Les sanctions de l’UE n’empêchent pas les opérateurs européens, importateurs de gaz, d’ouvrir un compte en roubles auprès de la Gazprombank[4]. Ce qui a déjà été fait par des géants de l’énergie comme l’italien Eni SpA[5], l’allemand Uniper et l’autrichien OMV[6]. La banque d’investissement Sinara, basée en Russie, a déclaré : « Bien que les mesures annoncées par l’Union européenne semblent menaçantes, nous ne voyons pas d’impact paralysant sur le secteur pétrolier russe« [7]. Pour permettre ce flux, les sanctions supplémentaires imposées aux banques russes en mai n’incluent pas la Gazbrombank, par laquelle transitent les paiements du gaz.
Grâce à cela, la bourse et la monnaie russes, après un début de crise, se sont redressées et les flux d’argent continuent de bénéficier même de la hausse des prix des carburants sur le marché international[8].
Les instruments de la bourgeoisie impérialiste elle-même, comme le magazine allemand Der Spiegel déclarent que : « Il y a eu des surprises désagréables pour lui (Poutine) dans les forces armées. Mais les choses vont mieux dans le domaine des affaires et de la finance. »[9]

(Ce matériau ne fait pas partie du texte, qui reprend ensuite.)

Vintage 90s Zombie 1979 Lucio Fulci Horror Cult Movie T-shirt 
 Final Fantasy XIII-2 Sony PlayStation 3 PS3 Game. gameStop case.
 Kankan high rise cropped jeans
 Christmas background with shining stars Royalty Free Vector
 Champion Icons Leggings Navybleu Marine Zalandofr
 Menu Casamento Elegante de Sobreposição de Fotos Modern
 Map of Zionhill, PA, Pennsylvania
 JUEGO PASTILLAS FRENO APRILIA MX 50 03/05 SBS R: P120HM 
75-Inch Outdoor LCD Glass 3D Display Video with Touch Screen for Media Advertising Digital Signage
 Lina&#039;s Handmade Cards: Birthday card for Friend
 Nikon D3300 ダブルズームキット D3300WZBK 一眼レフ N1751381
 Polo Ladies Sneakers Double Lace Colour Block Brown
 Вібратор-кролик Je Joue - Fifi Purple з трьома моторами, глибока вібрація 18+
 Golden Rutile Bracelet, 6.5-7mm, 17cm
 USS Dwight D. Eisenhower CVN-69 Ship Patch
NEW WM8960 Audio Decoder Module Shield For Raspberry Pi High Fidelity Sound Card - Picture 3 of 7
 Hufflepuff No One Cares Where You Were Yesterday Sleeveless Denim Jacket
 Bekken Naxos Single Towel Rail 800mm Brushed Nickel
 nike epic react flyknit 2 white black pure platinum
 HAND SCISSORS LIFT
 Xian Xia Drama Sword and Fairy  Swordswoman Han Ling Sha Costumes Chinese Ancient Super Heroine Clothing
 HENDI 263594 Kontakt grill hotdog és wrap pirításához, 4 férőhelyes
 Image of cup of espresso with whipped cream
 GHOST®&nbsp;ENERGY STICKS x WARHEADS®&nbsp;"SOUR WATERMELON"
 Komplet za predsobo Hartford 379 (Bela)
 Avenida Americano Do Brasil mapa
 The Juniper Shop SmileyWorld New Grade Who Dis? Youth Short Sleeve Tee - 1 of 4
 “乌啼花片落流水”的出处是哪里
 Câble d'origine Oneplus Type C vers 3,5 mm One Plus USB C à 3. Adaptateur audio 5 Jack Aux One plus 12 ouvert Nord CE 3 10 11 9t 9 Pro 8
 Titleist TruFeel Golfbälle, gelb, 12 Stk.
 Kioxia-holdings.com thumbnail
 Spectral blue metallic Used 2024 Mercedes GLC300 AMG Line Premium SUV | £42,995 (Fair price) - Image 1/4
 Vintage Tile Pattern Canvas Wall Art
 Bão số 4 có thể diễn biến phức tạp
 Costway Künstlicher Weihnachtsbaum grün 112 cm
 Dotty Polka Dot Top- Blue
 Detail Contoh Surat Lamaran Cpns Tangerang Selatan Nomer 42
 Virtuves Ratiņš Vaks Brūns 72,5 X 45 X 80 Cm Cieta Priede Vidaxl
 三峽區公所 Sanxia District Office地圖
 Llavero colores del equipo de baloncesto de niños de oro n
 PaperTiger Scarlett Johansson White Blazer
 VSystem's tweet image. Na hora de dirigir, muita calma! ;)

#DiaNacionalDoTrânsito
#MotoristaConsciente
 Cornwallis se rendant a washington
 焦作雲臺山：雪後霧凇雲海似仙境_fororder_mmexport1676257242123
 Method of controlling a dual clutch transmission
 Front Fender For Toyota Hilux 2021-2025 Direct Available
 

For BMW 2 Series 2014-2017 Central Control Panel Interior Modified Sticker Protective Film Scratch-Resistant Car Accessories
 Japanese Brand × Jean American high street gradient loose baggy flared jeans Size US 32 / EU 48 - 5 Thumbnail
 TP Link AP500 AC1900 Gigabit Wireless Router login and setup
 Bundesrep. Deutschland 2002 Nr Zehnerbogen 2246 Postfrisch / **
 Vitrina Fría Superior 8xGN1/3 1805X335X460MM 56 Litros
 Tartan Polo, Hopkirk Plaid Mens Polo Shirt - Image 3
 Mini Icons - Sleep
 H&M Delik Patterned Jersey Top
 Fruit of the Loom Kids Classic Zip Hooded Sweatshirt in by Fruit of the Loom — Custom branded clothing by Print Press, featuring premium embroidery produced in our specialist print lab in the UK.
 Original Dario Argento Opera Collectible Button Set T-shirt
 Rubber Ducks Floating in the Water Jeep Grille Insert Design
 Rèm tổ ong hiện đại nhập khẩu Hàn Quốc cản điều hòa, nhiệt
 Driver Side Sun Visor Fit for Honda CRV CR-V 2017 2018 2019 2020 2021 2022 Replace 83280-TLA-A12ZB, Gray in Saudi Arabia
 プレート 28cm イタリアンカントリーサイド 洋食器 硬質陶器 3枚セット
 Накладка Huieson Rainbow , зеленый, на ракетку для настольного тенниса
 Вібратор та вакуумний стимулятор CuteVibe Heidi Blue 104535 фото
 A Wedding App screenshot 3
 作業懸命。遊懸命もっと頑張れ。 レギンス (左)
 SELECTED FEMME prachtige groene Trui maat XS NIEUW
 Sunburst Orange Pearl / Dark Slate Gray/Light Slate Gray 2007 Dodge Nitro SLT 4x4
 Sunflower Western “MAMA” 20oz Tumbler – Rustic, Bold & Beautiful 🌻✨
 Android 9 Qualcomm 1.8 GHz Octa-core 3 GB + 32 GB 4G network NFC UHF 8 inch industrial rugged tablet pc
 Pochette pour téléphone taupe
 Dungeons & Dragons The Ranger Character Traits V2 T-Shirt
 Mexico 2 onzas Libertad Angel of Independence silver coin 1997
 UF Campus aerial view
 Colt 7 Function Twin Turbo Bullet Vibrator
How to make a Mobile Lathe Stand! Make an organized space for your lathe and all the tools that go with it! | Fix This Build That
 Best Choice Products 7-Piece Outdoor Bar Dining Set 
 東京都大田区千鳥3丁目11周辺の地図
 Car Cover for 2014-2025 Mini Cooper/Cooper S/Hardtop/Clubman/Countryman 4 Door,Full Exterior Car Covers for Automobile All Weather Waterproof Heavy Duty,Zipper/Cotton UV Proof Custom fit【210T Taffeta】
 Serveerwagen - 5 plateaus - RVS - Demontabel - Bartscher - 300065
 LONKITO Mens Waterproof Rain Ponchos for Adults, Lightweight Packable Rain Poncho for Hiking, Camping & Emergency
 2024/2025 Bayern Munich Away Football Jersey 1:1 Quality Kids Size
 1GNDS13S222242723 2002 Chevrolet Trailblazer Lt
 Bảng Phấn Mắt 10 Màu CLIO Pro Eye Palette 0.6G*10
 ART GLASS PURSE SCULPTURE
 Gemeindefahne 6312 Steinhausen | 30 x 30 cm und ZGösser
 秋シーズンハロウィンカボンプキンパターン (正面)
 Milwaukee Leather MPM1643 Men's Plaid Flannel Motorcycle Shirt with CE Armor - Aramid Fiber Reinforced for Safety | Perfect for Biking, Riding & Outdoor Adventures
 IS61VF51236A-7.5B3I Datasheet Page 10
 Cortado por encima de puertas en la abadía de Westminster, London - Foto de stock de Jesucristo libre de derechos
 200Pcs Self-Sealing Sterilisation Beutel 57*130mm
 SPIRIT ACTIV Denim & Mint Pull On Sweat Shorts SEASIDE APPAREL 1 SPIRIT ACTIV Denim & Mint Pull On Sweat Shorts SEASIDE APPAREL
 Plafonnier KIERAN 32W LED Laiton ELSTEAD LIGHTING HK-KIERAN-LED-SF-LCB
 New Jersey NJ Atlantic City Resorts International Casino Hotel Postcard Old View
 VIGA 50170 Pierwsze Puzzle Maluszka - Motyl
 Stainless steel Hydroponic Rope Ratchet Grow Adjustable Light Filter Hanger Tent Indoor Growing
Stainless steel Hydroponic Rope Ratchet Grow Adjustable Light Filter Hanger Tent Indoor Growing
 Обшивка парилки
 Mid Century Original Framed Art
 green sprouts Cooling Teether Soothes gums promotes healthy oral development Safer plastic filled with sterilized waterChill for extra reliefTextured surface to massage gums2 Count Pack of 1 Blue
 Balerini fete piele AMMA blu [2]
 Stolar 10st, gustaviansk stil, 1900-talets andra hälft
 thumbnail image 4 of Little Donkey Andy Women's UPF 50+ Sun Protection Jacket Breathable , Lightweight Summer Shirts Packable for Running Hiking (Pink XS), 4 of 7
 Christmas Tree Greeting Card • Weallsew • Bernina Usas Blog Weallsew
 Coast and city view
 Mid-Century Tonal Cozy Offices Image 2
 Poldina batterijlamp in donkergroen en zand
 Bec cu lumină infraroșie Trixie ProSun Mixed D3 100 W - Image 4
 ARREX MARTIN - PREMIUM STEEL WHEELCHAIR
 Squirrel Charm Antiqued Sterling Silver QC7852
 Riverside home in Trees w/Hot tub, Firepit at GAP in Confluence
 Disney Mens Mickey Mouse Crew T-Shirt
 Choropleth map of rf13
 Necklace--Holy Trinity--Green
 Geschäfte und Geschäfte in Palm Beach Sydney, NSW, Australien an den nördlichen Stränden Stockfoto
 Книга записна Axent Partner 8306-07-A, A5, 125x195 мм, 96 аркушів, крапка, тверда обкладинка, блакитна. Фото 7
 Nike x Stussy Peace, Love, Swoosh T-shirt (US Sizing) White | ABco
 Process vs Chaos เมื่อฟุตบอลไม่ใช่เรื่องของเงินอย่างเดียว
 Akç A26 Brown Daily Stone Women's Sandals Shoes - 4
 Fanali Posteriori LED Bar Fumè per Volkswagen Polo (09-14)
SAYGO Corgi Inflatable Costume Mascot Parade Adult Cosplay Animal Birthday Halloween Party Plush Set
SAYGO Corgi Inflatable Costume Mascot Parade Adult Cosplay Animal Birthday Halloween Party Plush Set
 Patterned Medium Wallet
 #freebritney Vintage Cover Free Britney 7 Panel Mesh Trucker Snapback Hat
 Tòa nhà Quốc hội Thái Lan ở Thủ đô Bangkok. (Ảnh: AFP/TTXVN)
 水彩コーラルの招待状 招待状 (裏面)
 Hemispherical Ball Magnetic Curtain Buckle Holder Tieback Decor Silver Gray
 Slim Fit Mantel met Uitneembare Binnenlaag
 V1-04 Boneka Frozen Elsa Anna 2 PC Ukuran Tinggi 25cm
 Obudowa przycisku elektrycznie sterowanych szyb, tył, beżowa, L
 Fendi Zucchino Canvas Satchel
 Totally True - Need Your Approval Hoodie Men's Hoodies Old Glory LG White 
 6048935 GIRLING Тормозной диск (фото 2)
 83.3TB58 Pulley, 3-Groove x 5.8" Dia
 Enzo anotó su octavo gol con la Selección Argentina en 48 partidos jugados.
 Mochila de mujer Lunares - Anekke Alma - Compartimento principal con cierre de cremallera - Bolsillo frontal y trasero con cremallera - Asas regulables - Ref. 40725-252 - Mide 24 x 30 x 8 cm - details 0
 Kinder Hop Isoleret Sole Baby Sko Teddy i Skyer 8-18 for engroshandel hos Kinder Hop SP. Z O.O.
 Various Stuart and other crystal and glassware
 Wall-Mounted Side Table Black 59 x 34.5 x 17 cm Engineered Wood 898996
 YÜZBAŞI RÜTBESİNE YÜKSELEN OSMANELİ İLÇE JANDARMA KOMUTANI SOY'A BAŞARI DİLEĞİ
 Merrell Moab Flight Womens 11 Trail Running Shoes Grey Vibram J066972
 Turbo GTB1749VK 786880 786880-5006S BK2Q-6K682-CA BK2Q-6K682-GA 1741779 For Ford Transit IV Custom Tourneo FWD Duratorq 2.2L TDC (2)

Les sanctions contre la Russie devraient entraîner une contraction de moins de 7 % du PIB, contraction qu’il faut comparer à l' »effondrement » du PIB de 45 à 50 % auquel l’Ukraine est confrontée en raison de l’invasion, pour ne pas perdre de vue le préjudice subi par les combattants ukrainiens[10].
Les mesures économiques (sanctions) de l’impérialisme contre la Russie, tout comme les sanctions de la Société des Nations contre l’Italie en 1935, malgré le discours agressif, sont partielles et ne visent pas à faire échouer l’invasion militaire, mais plutôt à affaiblir le gouvernement de Poutine militairement et économiquement. Tout comme ceux appliqués lors de la guerre en Éthiopie dans les années 1930, ils ont laissé de côté des secteurs fondamentaux et stratégiques de l’économie comme le pétrole et le gaz.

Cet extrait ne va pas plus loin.